Afzali Ali M, Ruck Tobias, Herrmann Alexander M, Iking Janette, Sommer Claudia, Kleinschnitz Christoph, Preuβe Corinna, Stenzel Werner, Budde Thomas, Wiendl Heinz, Bittner Stefan, Meuth Sven G
Department of Neurology, University of Münster, Münster, Germany.
Department of Neurology, University of Münster, Münster, Germany;
Am J Physiol Cell Physiol. 2016 Oct 1;311(4):C583-C595. doi: 10.1152/ajpcell.00363.2015. Epub 2016 Aug 3.
Two-pore domain potassium (K) channels influence basic cellular parameters such as resting membrane potential, cellular excitability, or intracellular Ca-concentration [Ca] While the physiological importance of K channels in different organ systems (e.g., heart, central nervous system, or immune system) has become increasingly clear over the last decade, their expression profile and functional role in skeletal muscle cells (SkMC) remain largely unknown. The mouse SkMC cell line C2C12, wild-type mouse muscle tissue, and primary mouse muscle cells (PMMs) were analyzed using quantitative PCR, Western blotting, and immunohistochemical stainings as well as functional analysis including patch-clamp measurements and Ca imaging. Mouse SkMC express TWIK-related acid-sensitive K channel (TASK) 2, TWIK-related K channel (TREK) 1, TREK2, and TWIK-related arachidonic acid stimulated K channel (TRAAK). Except TASK2 all mentioned channels were upregulated in vitro during differentiation from myoblasts to myotubes. TASK2 and TREK1 were also functionally expressed and upregulated in PMMs isolated from mouse muscle tissue. Inhibition of TASK2 and TREK1 during differentiation revealed a morphological impairment of myoblast fusion accompanied by a downregulation of maturation markers. TASK2 and TREK1 blockade led to a decreased K outward current and a decrease of ACh-dependent Ca influx in C2C12 cells as potential underlying mechanisms. K-channel expression was also detected in human muscle tissue by immunohistochemistry pointing towards possible relevance for human muscle cell maturation and function.
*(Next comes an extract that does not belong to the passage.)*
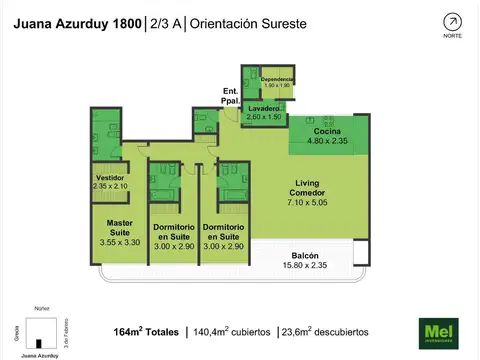 Juana Azurduy 1883 , Piso 2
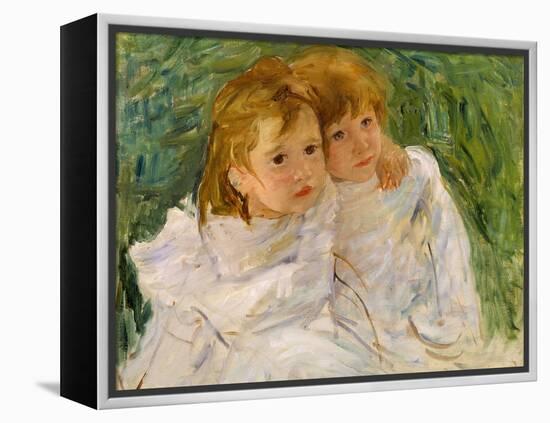 The Sisters, C.1885-Mary Cassatt-Framed Premier Image Canvas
In conclusion, our findings for the first time demonstrate the functional expression of TASK2 and TREK1 in muscle cells with implications for differentiation processes warranting further investigations in physiologic and pathophysiologic scenarios.
双孔域钾(K)通道影响基本细胞参数,如静息膜电位、细胞兴奋性或细胞内钙浓度[Ca]。在过去十年中,K通道在不同器官系统(如心脏、中枢神经系统或免疫系统)中的生理重要性日益明确,但其在骨骼肌细胞(SkMC)中的表达谱和功能作用仍 largely 未知。使用定量PCR、蛋白质印迹、免疫组织化学染色以及包括膜片钳测量和钙成像在内的功能分析,对小鼠SkMC细胞系C2C12、野生型小鼠肌肉组织和原代小鼠肌肉细胞(PMMs)进行了分析。小鼠SkMC表达TWIK相关酸敏感K通道(TASK)2、TWIK相关K通道(TREK)1、TREK2和TWIK相关花生四烯酸刺激K通道(TRAAK)。除TASK2外,所有上述通道在体外从成肌细胞向肌管分化过程中均上调。TASK2和TREK1在从小鼠肌肉组织分离的PMMs中也有功能表达并上调。在分化过程中抑制TASK2和TREK1显示成肌细胞融合出现形态学损伤,同时成熟标志物下调。TASK2和TREK1阻断导致C2C12细胞中K外向电流减少以及乙酰胆碱依赖性钙内流减少,这可能是潜在机制。通过免疫组织化学在人肌肉组织中也检测到了K通道表达,表明其可能与人肌肉细胞成熟和功能相关。总之,我们的研究结果首次证明了TASK2和TREK1在肌肉细胞中的功能表达,对分化过程有影响,值得在生理和病理生理情况下进一步研究。